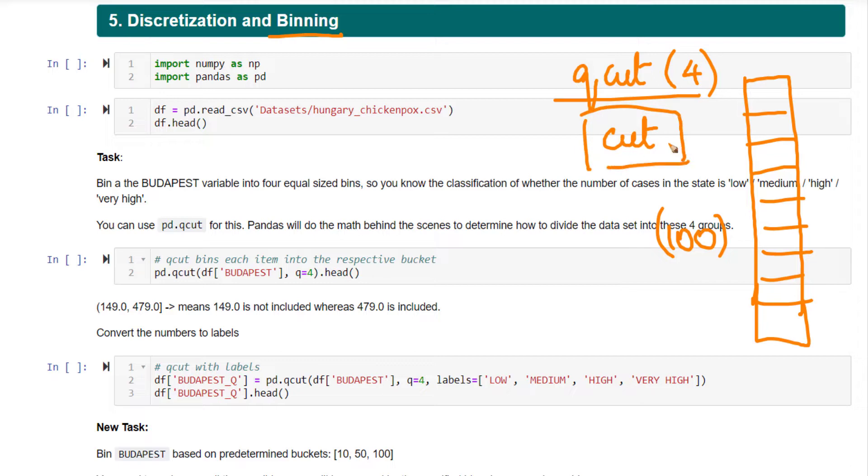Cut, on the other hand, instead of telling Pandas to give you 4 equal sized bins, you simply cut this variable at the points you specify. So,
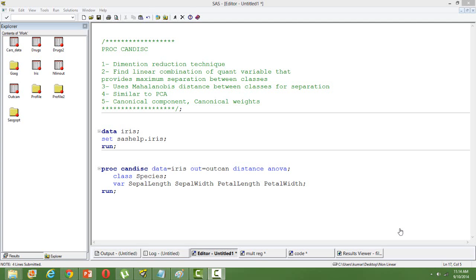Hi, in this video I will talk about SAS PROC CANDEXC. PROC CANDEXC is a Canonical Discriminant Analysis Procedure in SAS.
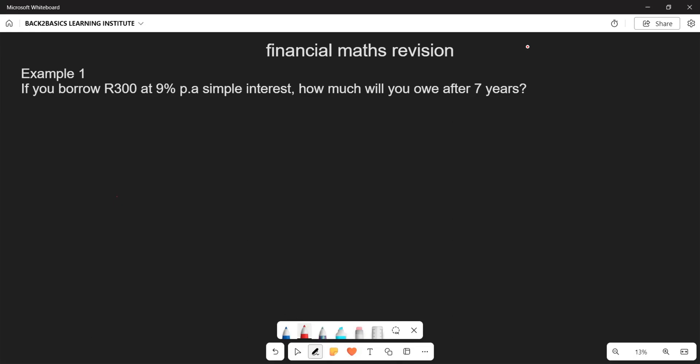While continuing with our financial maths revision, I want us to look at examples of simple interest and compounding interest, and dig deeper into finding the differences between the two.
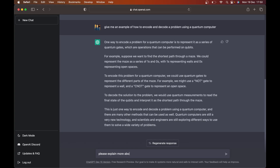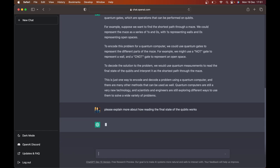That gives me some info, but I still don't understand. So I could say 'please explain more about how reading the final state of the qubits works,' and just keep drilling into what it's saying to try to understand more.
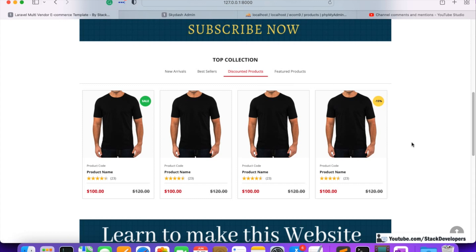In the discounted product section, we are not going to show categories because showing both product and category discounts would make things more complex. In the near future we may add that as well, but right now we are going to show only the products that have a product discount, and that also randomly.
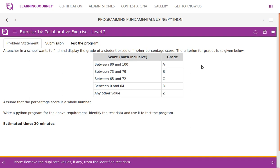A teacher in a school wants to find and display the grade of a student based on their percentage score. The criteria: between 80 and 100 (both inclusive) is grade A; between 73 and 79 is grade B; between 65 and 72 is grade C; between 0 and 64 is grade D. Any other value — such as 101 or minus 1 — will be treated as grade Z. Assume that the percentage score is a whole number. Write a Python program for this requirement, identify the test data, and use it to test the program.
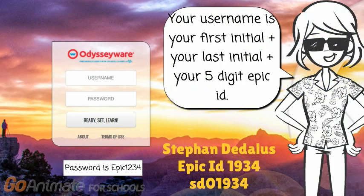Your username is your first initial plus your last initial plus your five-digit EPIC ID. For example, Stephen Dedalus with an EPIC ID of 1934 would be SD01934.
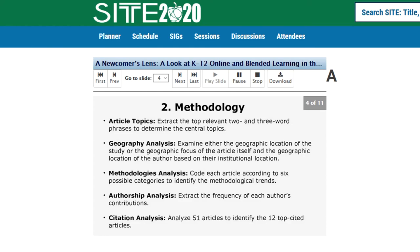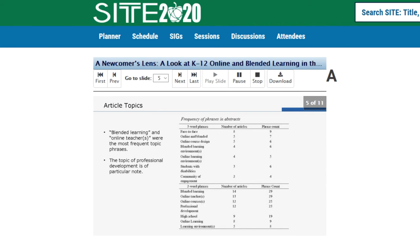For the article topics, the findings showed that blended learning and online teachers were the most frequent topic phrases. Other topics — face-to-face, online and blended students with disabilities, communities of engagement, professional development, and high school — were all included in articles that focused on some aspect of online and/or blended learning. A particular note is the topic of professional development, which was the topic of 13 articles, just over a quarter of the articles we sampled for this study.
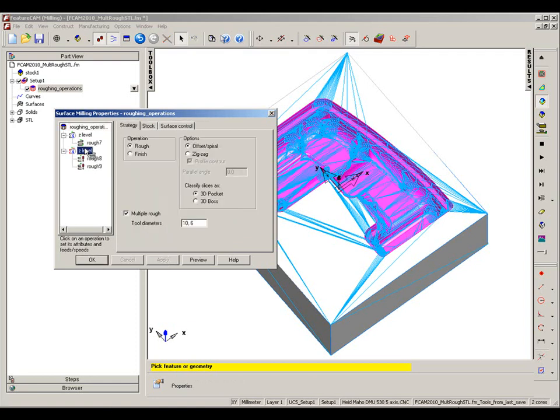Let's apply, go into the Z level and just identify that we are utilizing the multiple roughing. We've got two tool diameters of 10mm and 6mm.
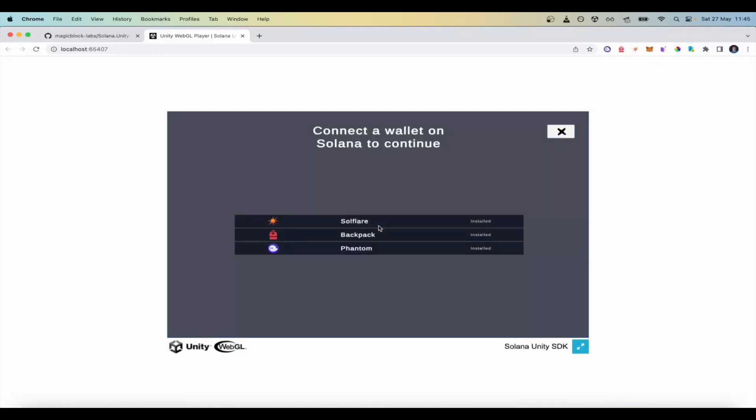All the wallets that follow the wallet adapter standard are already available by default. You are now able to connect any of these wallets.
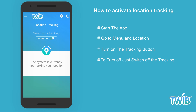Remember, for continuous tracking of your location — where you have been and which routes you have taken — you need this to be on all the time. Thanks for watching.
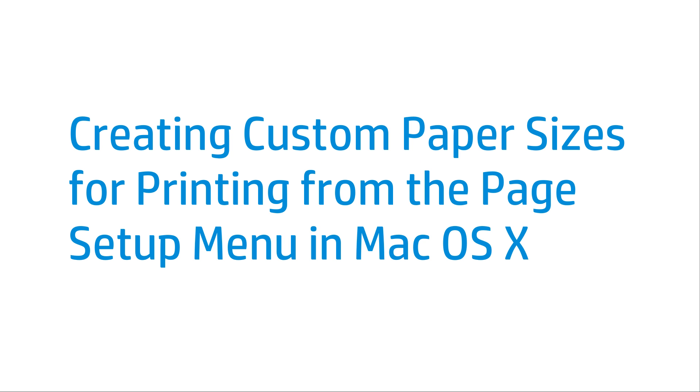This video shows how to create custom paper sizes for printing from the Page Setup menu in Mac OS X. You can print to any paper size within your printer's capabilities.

### Problem to solve
Both the first line of the records above and the line containing "Your username is" belong in the copy; please return them and every line between, exactly, minus the pictures.

### Problem solution
Cut, on the other hand, instead of telling Pandas to give you 4 equal sized bins, you simply cut this variable at the points you specify. So,
Hi, in this video I will talk about SAS PROC CANDEXC. PROC CANDEXC is a Canonical Discriminant Analysis Procedure in SAS.
While continuing with our financial maths revision, I want us to look at examples of simple interest and compounding interest, and dig deeper into finding the differences between the two.
That gives me some info, but I still don't understand. So I could say 'please explain more about how reading the final state of the qubits works,' and just keep drilling into what it's saying to try to understand more.
In the discounted product section, we are not going to show categories because showing both product and category discounts would make things more complex. In the near future we may add that as well, but right now we are going to show only the products that have a product discount, and that also randomly.
A teacher in a school wants to find and display the grade of a student based on their percentage score. The criteria: between 80 and 100 (both inclusive) is grade A; between 73 and 79 is grade B; between 65 and 72 is grade C; between 0 and 64 is grade D. Any other value — such as 101 or minus 1 — will be treated as grade Z. Assume that the percentage score is a whole number. Write a Python program for this requirement, identify the test data, and use it to test the program.
Your username is your first initial plus your last initial plus your five-digit EPIC ID. For example, Stephen Dedalus with an EPIC ID of 1934 would be SD01934.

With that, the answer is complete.